If I had to summarise my artistic work in a few terms, I would call them:

Transformation - Process - Time

The earth is in a permanent process of transformation by us humans and without us.

This transformation is expressed in the light etchings of the ‘In the Woods’ cycle. Over time, an entire forest grows over the remains of cars until only fragments of the wrecks can be recognised in the thicket (work #920). It is fascinating how trees have grown out of and over the cars, as if nothing could block their path to the light. Forests on the light-flooded shores of the Baltic Sea are also the subject of the ‘Coastal Forest’ series; these works are also about transformation processes at fault lines, when the sea transforms the shore in endless constancy. The starting motif for the light etchings is always a carefully taken and selected photograph, which I then transform into a print via the printing process.

Trees form the basis of my sculptures. They are found objects on the banks of the Elbe near Hamburg. If I discover an interesting fragment in the mud at low tide, it is painstakingly and carefully retrieved. After a long drying phase, I start working and refining it and making a steel base. In the beginning, they are mostly dark, wet fragments that are barely distinguishable from the slag stones on the shore and only hint at the interesting shapes and precious wood hidden inside.

They are often fragments of piles, dolphins, bollards or groynes that have been moulded by the tidal current over years, decades or even centuries and are sometimes - rather rarely - washed up near the shore. The artefacts are heavily soaked and sometimes icy in winter.

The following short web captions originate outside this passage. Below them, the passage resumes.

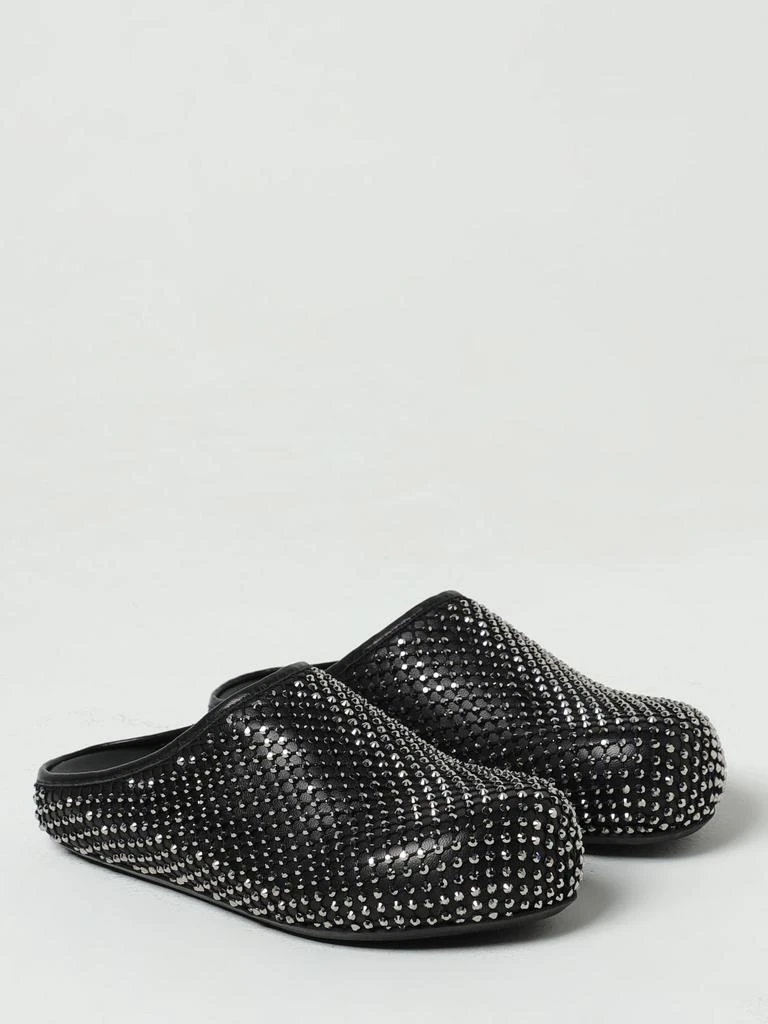 商品Marni|Marni flat shoes for woman,价格¥8879,第2张图片详细描述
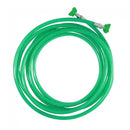 Extensao de Nylon Trancado Para Oxigenio 3 Metros - Protec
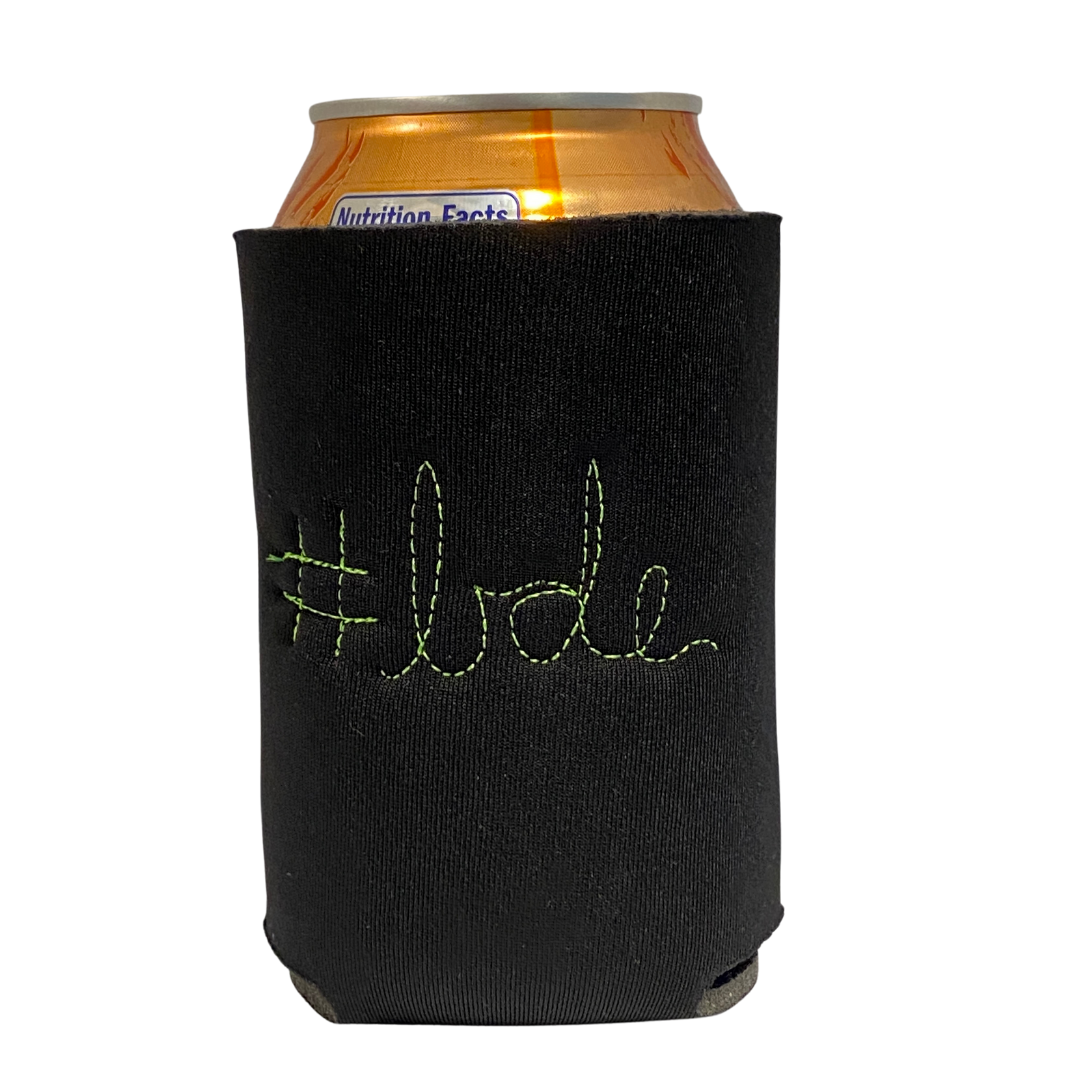 Drink Holder - You Don't Need A Dick to Have Big Dick Energy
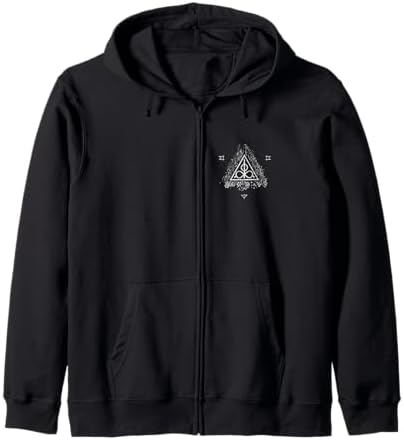 Amazon.com: Lamb of God Ashes Of The Wake 20th Zip Hoodie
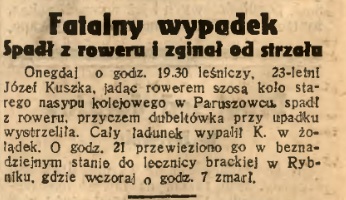 1932 Paruszowiec.jpg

The oak and softwood trunks, which have been rammed into the sediments of the Elbe for centuries for shipping, are very well preserved due to the lack of oxygen in the brackish water and can last for several hundred years as long as they are not exposed to air. At their core, the quality of the wood is outstanding and it is important to uncover and refine it. In addition to the sculpture in space, feeling the forms forms the 4th dimension. The perception of the art object should not be limited to viewing it from different perspectives, but also feeling the finely polished surfaces and shapes and the rough crevices is part of the art experience.

The sculptures have been moulded and rounded over long periods of time by the tidal current of ebb and flow and the fine-grained sediment of the Elbe. The many deepenings of the Elbe over the decades have acted as a catalyst, as the tidal range and tidal current have constantly increased as a result. The reverse transformation is also interesting here:

A long time ago, a beam, a pole or a plank was sawn from a tree and used as building material in the waters of the Elbe. There, over a very long period of time, currents and sediments began to transform it into a form that only rarely allows conclusions to be drawn about the tree's original purpose.